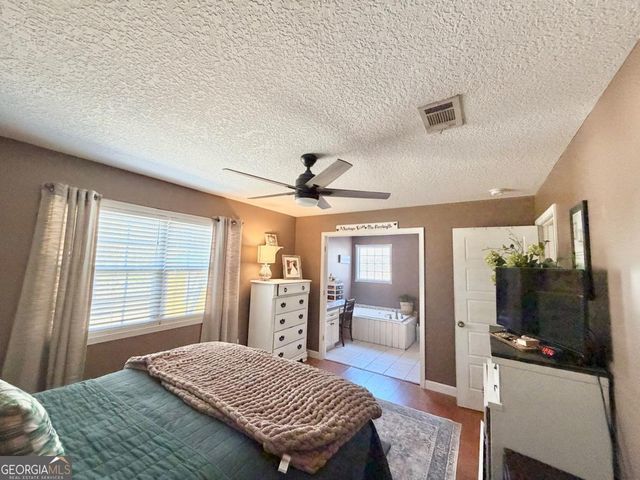 3231 Pear Avenue, Patterson, GA 31557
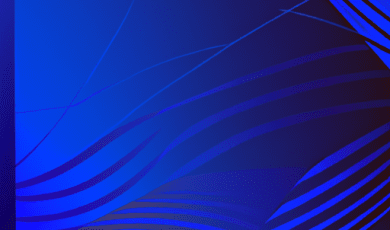 Interprétation sur place : Comment elle facilite la couverture internationale des événements d'actualité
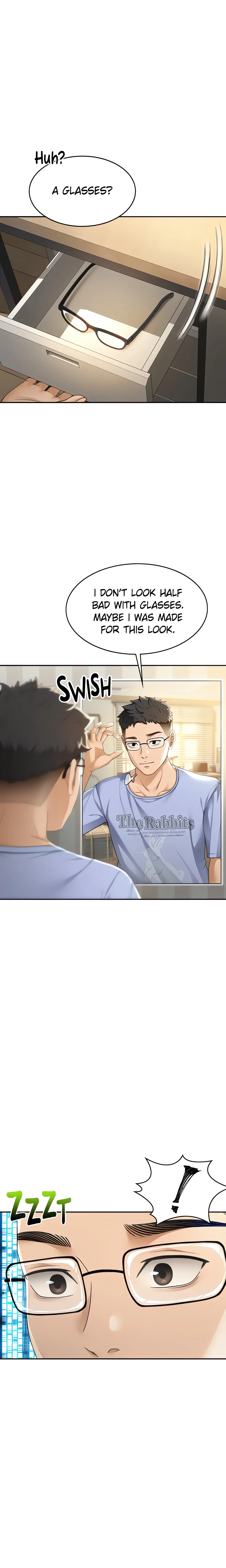 Chapter 1, page 17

ABOUT THIS TASK: Produce a word-for-word version of the material, with no pictures included.

RESPONSE FOR THIS EXERCISE:
 3231 Pear Avenue, Patterson, GA 31557
 Interprétation sur place : Comment elle facilite la couverture internationale des événements d'actualité
 Chapter 1, page 17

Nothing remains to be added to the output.